Small numbers of early aircraft were purchased by the Royal Flying Corps (RFC) and the Royal Naval Air Service (RNAS) prior to the start of the First World War, and were taken to France when the war started. One of the RFC aircraft was the first British aircraft to be shot down by the Germans, on 22 August 1914. The pilot was 2nd Lt. Vincent Waterfall and his navigator Lt Charles George Gordon Bayly (both of 5 Sqn RFC) The RNAS used four 504s to form a special flight to bomb the Zeppelin works at Friedrichshafen on the shores of Lake Constance. Three set out from Belfort in north-eastern France on 21 November 1914, carrying four 20 lb bombs each. While one aircraft was shot down, the raid was successful, with several direct hits on the airship sheds and the destruction of the hydrogen generating plant.

Soon obsolete as a frontline aircraft, it came into its own as a trainer, with thousands being built during the war, with the major production types being the 504J and the mass production 504K, designed with modified engine bearers to accommodate a range of engines to cope with engine shortages. 8,340 Avro 504s had been produced by the end of 1918.

In the winter of 1917–18 it was decided to use converted 504Js and 504Ks to equip Home Defence squadrons of the RFC, replacing ageing B.E.2cs, which had poor altitude performance. These aircraft were modified as single-seaters, armed with a Lewis gun above the wing on a Foster mounting, and powered by 100 hp Gnome or 110 hp Le Rhône engines. 274 converted Avro 504Js and Ks were issued to eight home defence squadrons in 1918, with 226 still being used as fighters at the end of the First World War.

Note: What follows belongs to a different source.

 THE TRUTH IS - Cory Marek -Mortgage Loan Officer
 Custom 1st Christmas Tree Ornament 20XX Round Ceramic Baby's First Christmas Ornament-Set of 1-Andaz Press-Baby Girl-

Following the end of the war, while the type continued in service as the standard trainer of the RAF, large numbers of surplus aircraft were available for sale, both for civil and military use. More than 300 504Ks were placed on the civil register in Britain. Used for training, pleasure flying, banner towing and even barnstorming exhibitions (as was ongoing in North America following World War I with the similar-role, surplus Curtiss JN-4s and Standard J-1s); civil 504s continued flying in large numbers until well into the 1930s.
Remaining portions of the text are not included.